Segment Start: Information supplied
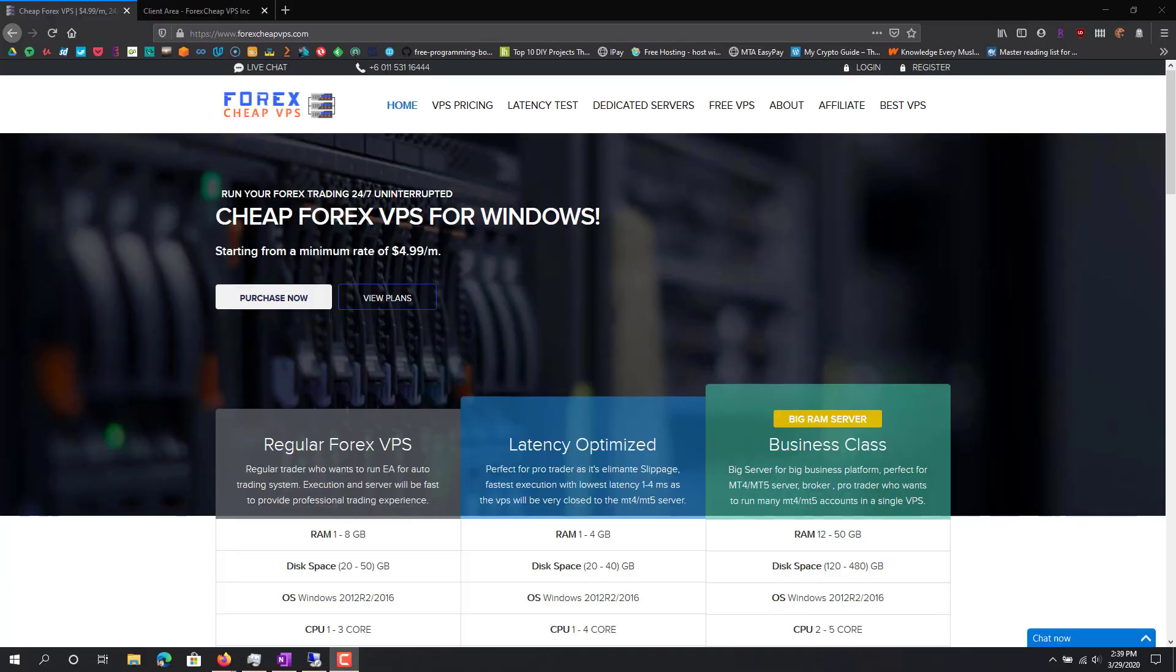Hey, what is up guys? This is FNH here and today I'm going to be showing you guys how you can set up your own VPS for really cheap.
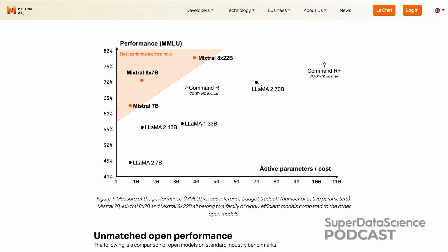Previously, Mixtral released a 7b parameter model — not a mixture of experts, just a standalone dense 7b parameter model, meaning that you need to use all 7b parameters on every call. That 7b parameter model outperformed other leading open source LLMs, even larger ones such as Meta's Llama 13b and 33b LLMs, on the most popular LLM benchmark called MMLU, which stands for Multitask Language Understanding.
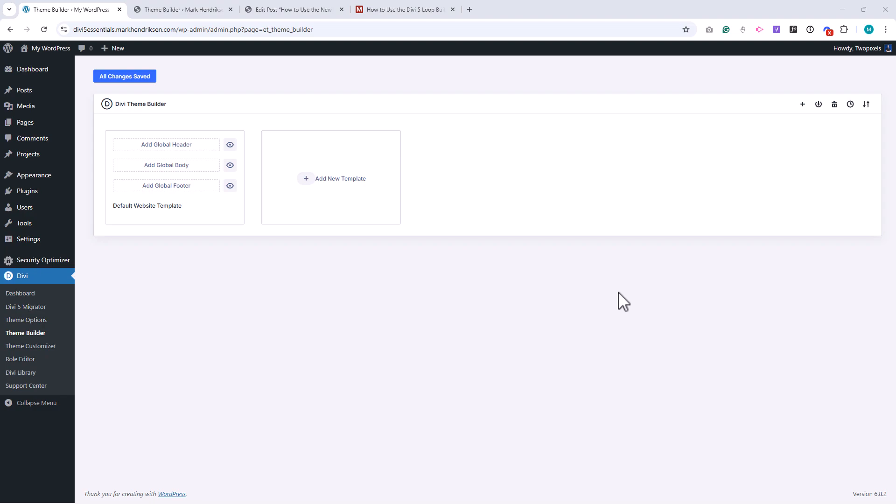Let's start with global templates. These include the site-wide header, body, and footer. For example, if you create a global header, every page on your website will automatically use it. When you update that header, the changes appear everywhere instantly. The same is true for the global footer. This approach saves time and keeps your design consistent across the entire site.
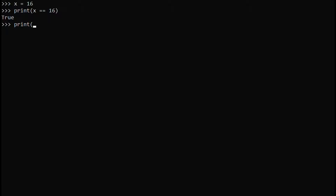To get a false statement, you can write print x equals 4 — that is false because x does not equal 4. Many errors can occur when you do not write two equal signs. This will be used many times in this lesson, so try to remember that.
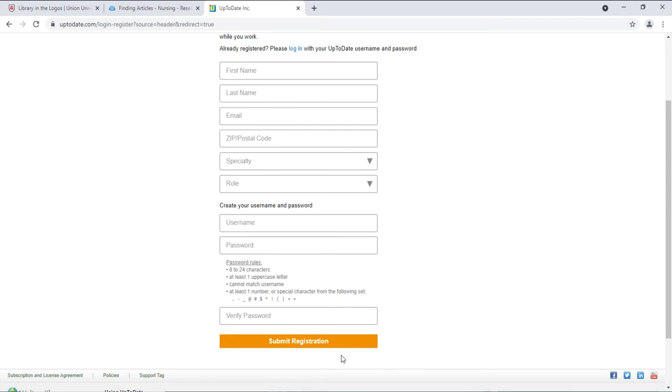After you submit the registration, you will get an email confirming your account. Now you'll need to download the UpToDate app on your phone or iPad.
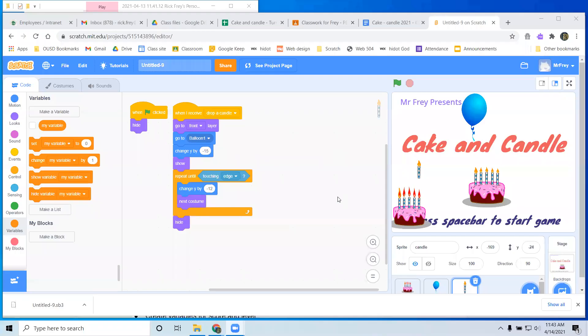And we're starting. Hello everybody, this is Mr. Fry, and we're going to be recording how to do day two stuff on cake and candle — how to make the candle drop faster and faster, and how to do the collision detection.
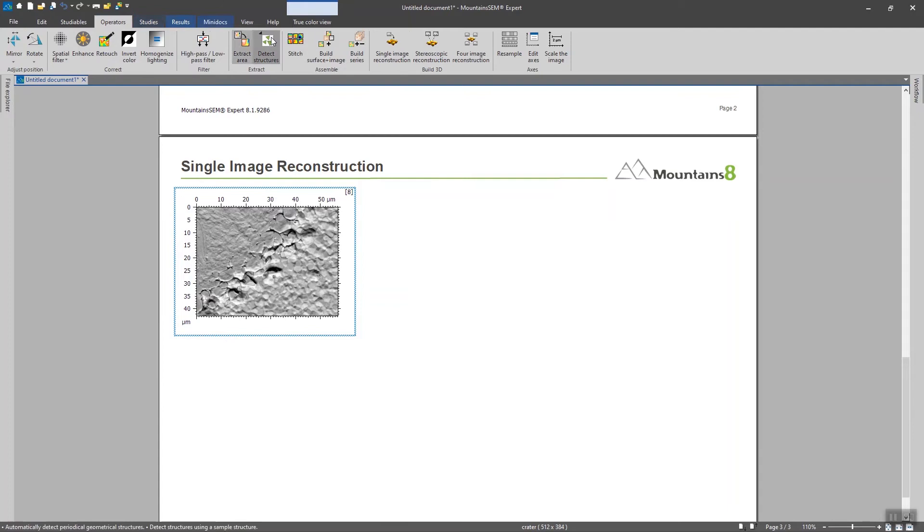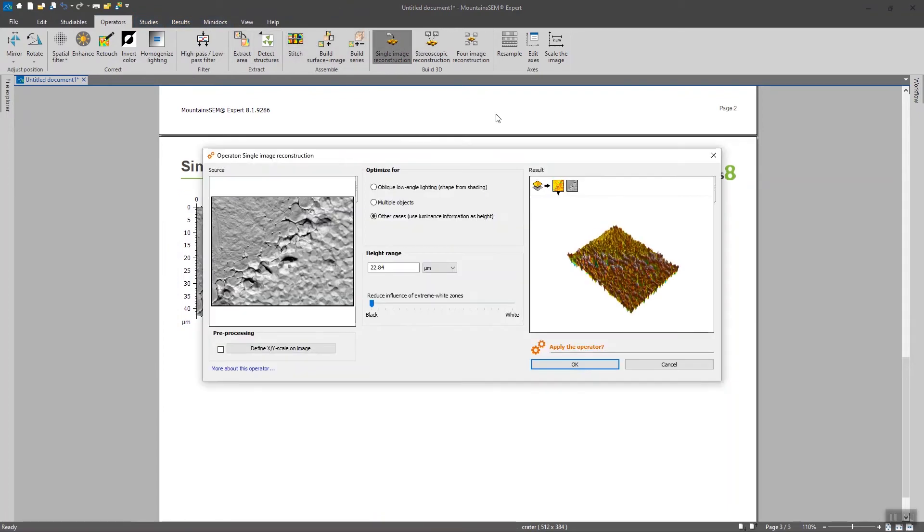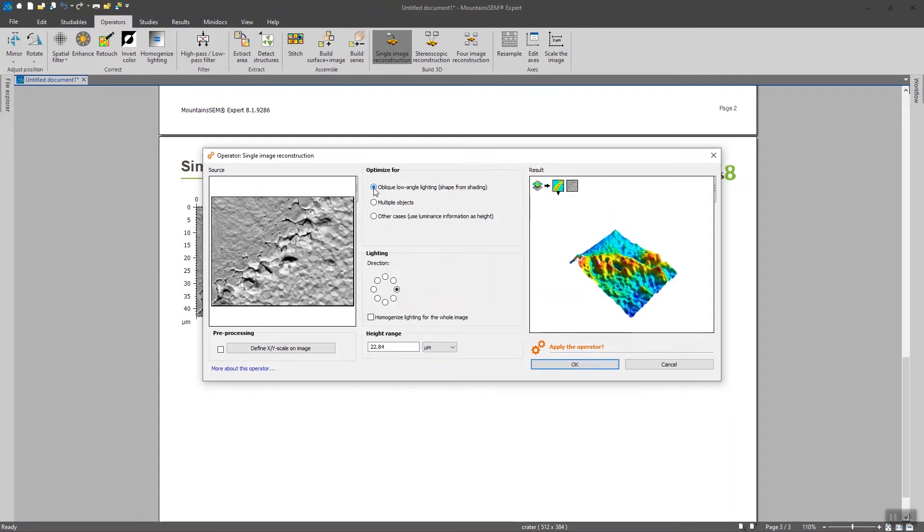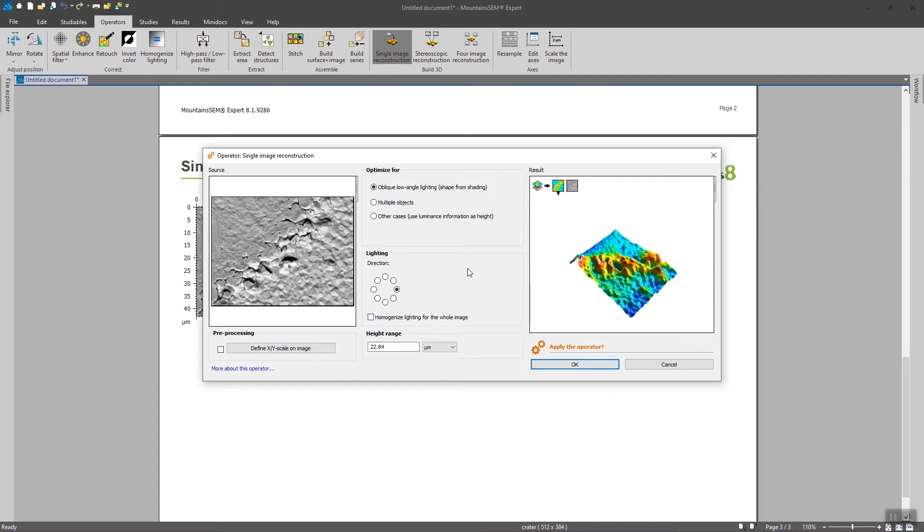So again I'm going to operators and I'm going to use the shape from shading technique in this case. The software is going to automatically detect, well not automatically since we are going to give an approximate direction of the beam but the software is going to detect where the beam of the light source was coming from.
Segment End: Information supplied
● About this exercise
Every line above in the stretch from the one with "To get a false" through the one with "After you submit" is to be transcribed exactly, ends included. No picture is copied.

● Written solution
To get a false statement, you can write print x equals 4 — that is false because x does not equal 4. Many errors can occur when you do not write two equal signs. This will be used many times in this lesson, so try to remember that.
After you submit the registration, you will get an email confirming your account. Now you'll need to download the UpToDate app on your phone or iPad.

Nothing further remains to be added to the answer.